Johnny Cash at Folsom Prison? Please. At Halden, the inmates can form their own band. And what's more, they can lay down an album in the prison's professional recording studio.
The well-stocked library at Halden contains not only books but magazines, CDs, and DVDs. What? No Crime and Punishment audiobook?
Inmates share common kitchens and living rooms. Some common areas are designated as places where both inmates and guards can meet and mingle -- or, you know, just hang out.
The prison boasts a state-of-the-art gym, complete with a rock-climbing wall. No word yet on whether there's a class on tunneling.
Guards don't carry guns and are encouraged to be outgoing and friendly toward the inmates -- they eat together and play sports in mixed teams to create a sense of family, according to officials.

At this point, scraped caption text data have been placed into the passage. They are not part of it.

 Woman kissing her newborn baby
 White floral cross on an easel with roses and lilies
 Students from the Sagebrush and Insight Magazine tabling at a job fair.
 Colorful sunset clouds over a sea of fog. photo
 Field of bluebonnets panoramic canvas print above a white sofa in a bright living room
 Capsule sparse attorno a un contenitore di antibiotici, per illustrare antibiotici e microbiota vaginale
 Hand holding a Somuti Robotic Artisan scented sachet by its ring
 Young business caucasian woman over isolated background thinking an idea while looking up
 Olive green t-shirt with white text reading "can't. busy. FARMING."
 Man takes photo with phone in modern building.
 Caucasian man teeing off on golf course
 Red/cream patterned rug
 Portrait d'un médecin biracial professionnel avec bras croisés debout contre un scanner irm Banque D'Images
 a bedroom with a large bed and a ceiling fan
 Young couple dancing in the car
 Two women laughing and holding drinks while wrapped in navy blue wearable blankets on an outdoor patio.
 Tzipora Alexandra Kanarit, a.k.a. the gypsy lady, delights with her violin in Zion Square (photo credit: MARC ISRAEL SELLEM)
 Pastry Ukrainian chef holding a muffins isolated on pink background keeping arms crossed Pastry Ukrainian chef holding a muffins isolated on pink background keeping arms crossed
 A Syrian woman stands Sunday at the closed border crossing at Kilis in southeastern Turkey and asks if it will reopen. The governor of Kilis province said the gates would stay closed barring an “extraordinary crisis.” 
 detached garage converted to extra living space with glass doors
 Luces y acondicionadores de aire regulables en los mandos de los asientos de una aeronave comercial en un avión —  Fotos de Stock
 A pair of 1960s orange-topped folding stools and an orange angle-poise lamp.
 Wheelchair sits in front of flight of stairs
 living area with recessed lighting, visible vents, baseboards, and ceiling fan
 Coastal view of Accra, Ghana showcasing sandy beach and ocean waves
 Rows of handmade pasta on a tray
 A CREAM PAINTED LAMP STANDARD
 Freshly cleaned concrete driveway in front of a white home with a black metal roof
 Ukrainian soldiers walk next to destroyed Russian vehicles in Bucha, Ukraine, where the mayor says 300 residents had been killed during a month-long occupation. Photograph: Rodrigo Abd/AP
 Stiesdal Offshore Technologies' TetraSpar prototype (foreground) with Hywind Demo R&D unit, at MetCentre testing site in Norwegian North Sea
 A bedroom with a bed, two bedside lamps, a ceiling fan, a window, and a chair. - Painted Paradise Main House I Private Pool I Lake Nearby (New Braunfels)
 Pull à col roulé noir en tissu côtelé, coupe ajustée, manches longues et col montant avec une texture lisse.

The Longest Yard this ain't.
No gold teeth among Halden's inmates. Not with free dental checkups.
An inmate in his private bathroom -- one of many amenities that make Halden feel more like a college dorm than a prison.
Nothing says rehabilitation like rhythm. Here, prisoners and their instructor get down during a music class.
An inmate learns to ride a unicycle in the prison gym. Seriously.
Dolk, a Norwegian Banksy-style graffiti artist, was commissioned to create art for the prison -- at a price tag of $1 million.